What questions are illegal to ask in a restaurant job interview?

You cannot ask about age, marital status, pregnancy or plans to have children, national origin or citizenship (though you can confirm eligibility to work in the US), religion or religious practices, disabilities, arrests without convictions, or union membership. Stick to job-related behavioral and situational questions. When in doubt, ask yourself whether the question directly relates to the candidate's ability to perform the specific job duties.

How long should a restaurant job interview take?

A structured restaurant interview should take 20-35 minutes for hourly positions and 45-60 minutes for management roles. Shorter interviews do not give you enough information to make a sound hiring decision. Longer interviews are rarely more predictive and may deter candidates who have other commitments. For kitchen positions, add a 15-20 minute skills assessment after the interview.

How can I reduce restaurant employee turnover through better hiring?

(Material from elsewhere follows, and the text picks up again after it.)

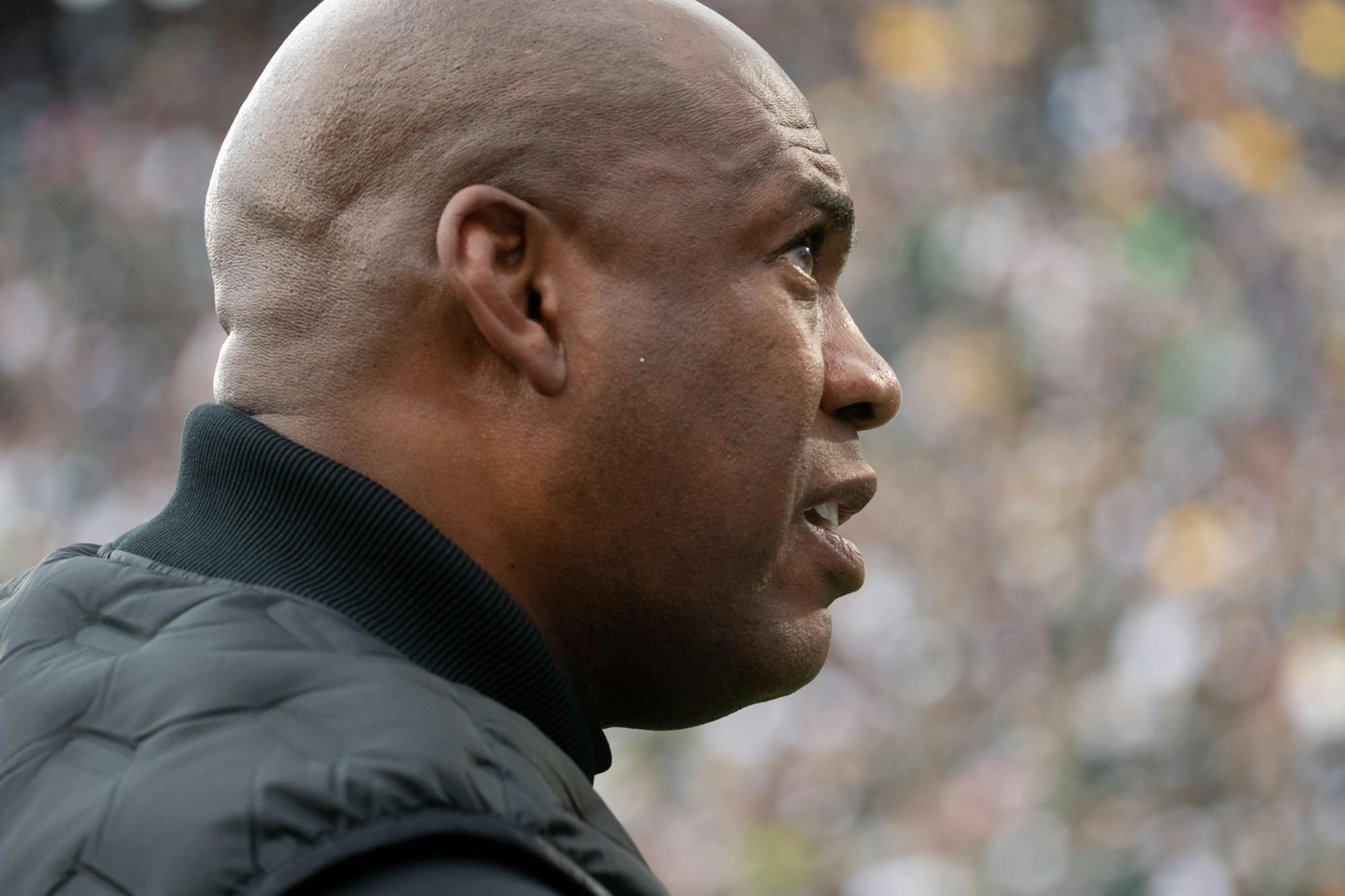 <p>Head Coach Mel Tucker looks on during the Spartans game against the Wolverines. Oct. 30, 2021. </p>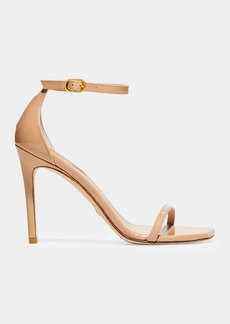 Stuart Weitzman Nudistcurve Patent Ankle-Strap Sandals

The most effective turnover-reduction strategy is hiring for values and reliability fit, not just skill. Use behavioral interview questions to assess how candidates have handled pressure, conflict, and accountability in past jobs. Conduct a realistic job preview before extending an offer — show the candidate the actual work environment during a busy period. Candidates who accept the job knowing exactly what it involves stay significantly longer than those who are surprised by the reality.